--- START ---

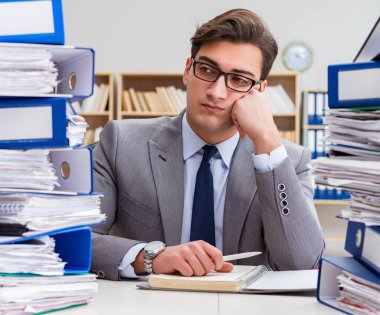 Aşırı çalışma nedeniyle stresli bir işadamı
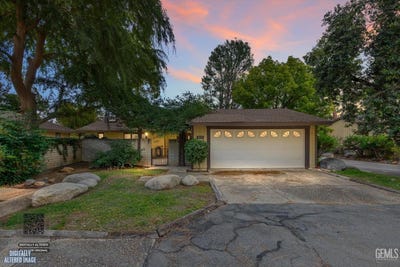 /international/us/5835-riggs-court-bakersfield-ca-110108332835/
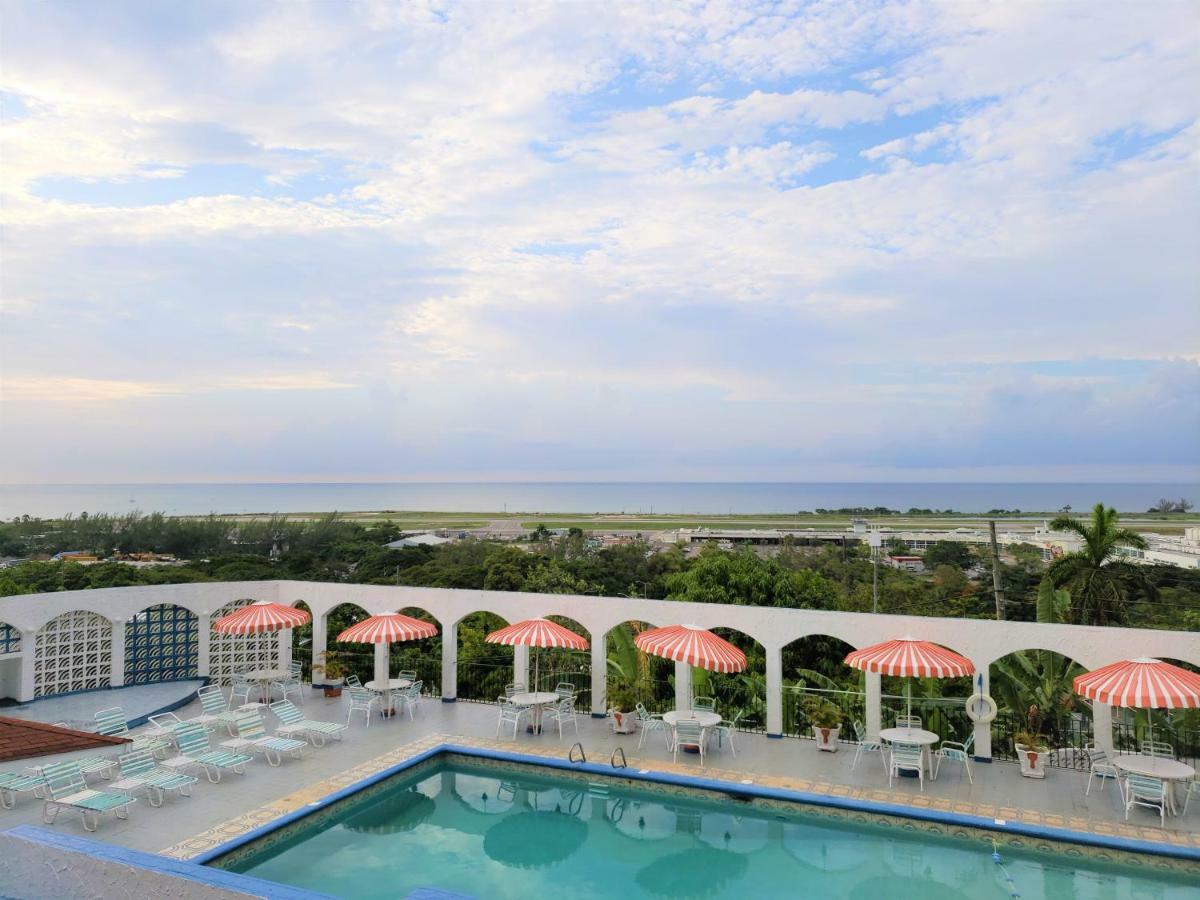 Montego Hotel Montego Bay Exterior photo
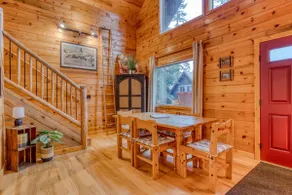 Dog-Friendly 3-Story Home & Loft with Deck Private Hot Tub Gas Grill Pool Table - Image 5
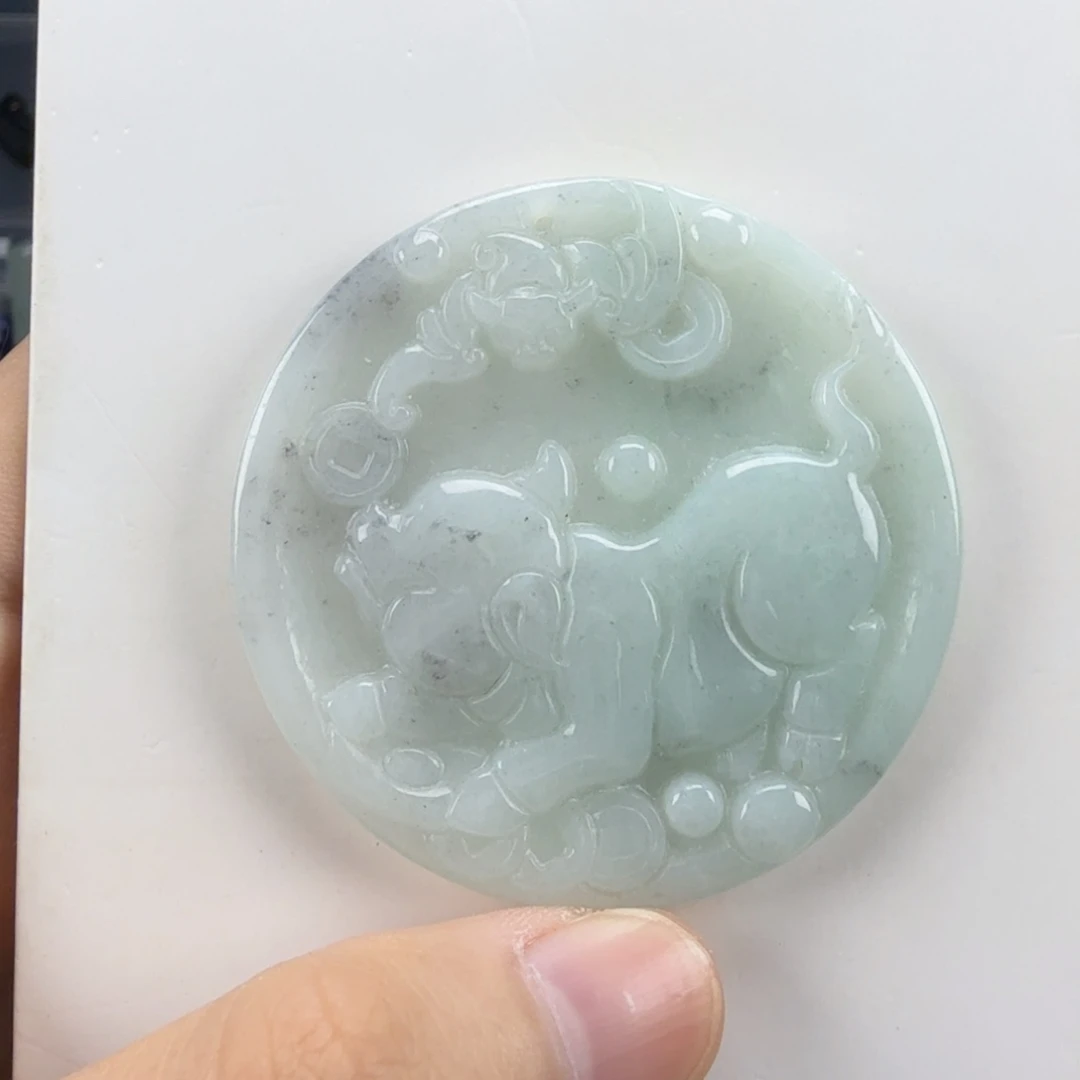 翡翠挂件未镶嵌翡翠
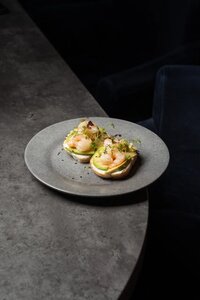 Брускетта с креветкой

--- END ---

### WHAT THE EXERCISE ASKS
Could you copy all of the entries above exactly, without the pictures?

### EXERCISE SOLUTION
 Aşırı çalışma nedeniyle stresli bir işadamı
 /international/us/5835-riggs-court-bakersfield-ca-110108332835/
 Montego Hotel Montego Bay Exterior photo
 Dog-Friendly 3-Story Home & Loft with Deck Private Hot Tub Gas Grill Pool Table - Image 5
 翡翠挂件未镶嵌翡翠
 Брускетта с креветкой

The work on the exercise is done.